Every day, Wall Street analysts upgrade some stocks, downgrade others, and "initiate coverage" on a few more. But do these analysts even know what they're talking about? Today, we're taking one high-profile Wall Street pick and putting it under the microscope...

Tesla (NASDAQ:TSLA) is catching a lot of flak from the media this morning. CEO Elon Musk is planning to raise $1.5 billion in new cash from a bond issue, money it will need to build and deliver the 455,000 Model 3 sedans it now has on pre-order. But pointing to Tesla's rocketing valuation and $362 stock price -- up 57% so far this year -- The Wall Street Journal calls Tesla's capital raise a "missed opportunity." Instead of taking on debt, says the Journal, Tesla should be converting shares into cash before the stock price falls.

Not all analysts agree. Here are three things you need to know about that.

Tesla Model 3

Image source: Tesla.

Argus upgrades Tesla

In fact, just this morning, Argus Research upgraded shares of Tesla, and raised its target price on Tesla stock. As explained in a write-up on StreetInsider.com (subscription required), Argus believes that far from falling, Tesla stock is destined to rise as high as $444 a share over the next 12 months.

Why Argus has ardor for Tesla

What makes Argus so optimistic about Tesla? That's no great secret: It's the Model 3.

Argus says Model 3 order activity has been strong. In fact, reading the same research report, TheFly.com highlights a comment from Argus, to the effect that "Tesla has been getting 1,800 Model 3 orders per day without any advertising or marketing."

Now, on the one hand, all of these orders are increasing Tesla's "labor and overhead costs," which is one reason Tesla needs to raise some extra cash.
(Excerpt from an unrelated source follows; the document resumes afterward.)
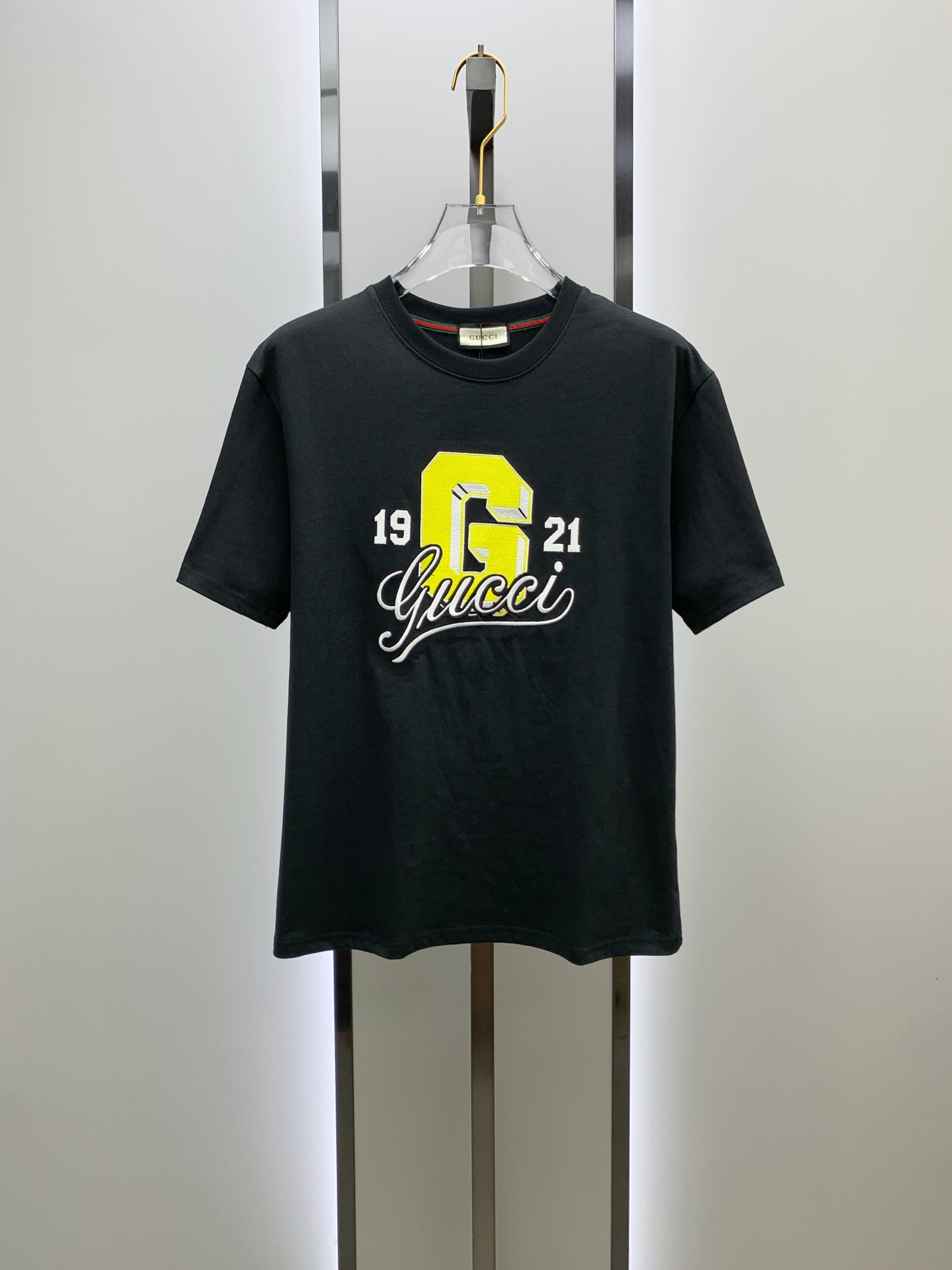 P古驰2025夏季新款短袖T恤，个性艺术系列全网独家首发 百搭款细节处理完美纯棉面料十分精致 原版面料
That being said, Argus believes that Tesla's labor and overhead costs will "diminish over the course of next year."

Argus is predicting that Tesla will achieve 25% gross margin on its sales in 2018 and losses will subside, and by 2019, Tesla will finally reach "full-year profitability."

Getting from here to there

Reaching that profitability, however, will still require investors to remain patient through a series of unprofitable quarters -- bad news that will jibe poorly with what are likely to be numerous quarterly reports containing good news about Tesla sales, resulting in absolutely no Tesla profits.

How long will investors have to wait for Tesla to report a profit? Argus thinks at least "breakeven" profits will arrive two quarters sooner than previously expected. Turning to consensus estimates, Wall Street is looking for Tesla to lose:

  • $2.77 per share during this current third fiscal quarter of 2017.
  • $2.37 more in Q4 2017.
  • $1.80 in Q1 2018.
  • $1.48 in Q2 2018.
  • $0.81 in Q3 2018.
  • $0.30 in Q4 2018.
  • $0.10 in Q1 2019.
  • And a final $0.06 in Q2 2019.

(All of which data comes to us courtesy of the friendly data crunchers at S&P Global Market Intelligence.) Granted, there's a pronounced downward trend in the amount of money Tesla is expected to lose per quarter all through this time span. Still, it's only in Q3 2019 -- two full years from now -- that most analysts expect Tesla to begin earning profits.

The most important thing: How patient can you be?

Once those profits turn positive, though, Tesla is expected to quickly begin erasing its earlier losses. Consensus expectations for the second half of 2019 see Tesla earning about $0.75 per share in H2 2019 -- more than enough to offset the company's H1 2019 losses and turn 2019 into a profitable year.

After that, profits should pick up quite nicely. While you'll want to take any predictions this far out with a few shakers of salt, Wall Street as a whole predicts Tesla will earn $8.89 per share in 2020, and grow that 40% to $12.45 per share in 2021.

Granted, this means that at $363 and change, Tesla stock today is selling for 29 times what it might earn four years from now. That being said, projections for 2022 earnings suggest at least one more year of near-40% growth in Tesla's future ($17.33 per share). And this suggests that Wall Street may be expecting Tesla to grow earnings at sustained, tech-stock-like rates, for some time after it becomes profitable. How long might Tesla be able to maintain such a growth rate?

Apparently, long enough that Musk thinks it's smarter to raise cash today by selling debt than by sacrificing any more Tesla stock.

This article represents the opinion of the writer, who may disagree with the “official” recommendation position of a Motley Fool premium advisory service. We’re motley! Questioning an investing thesis -- even one of our own -- helps us all think critically about investing and make decisions that help us become smarter, happier, and richer.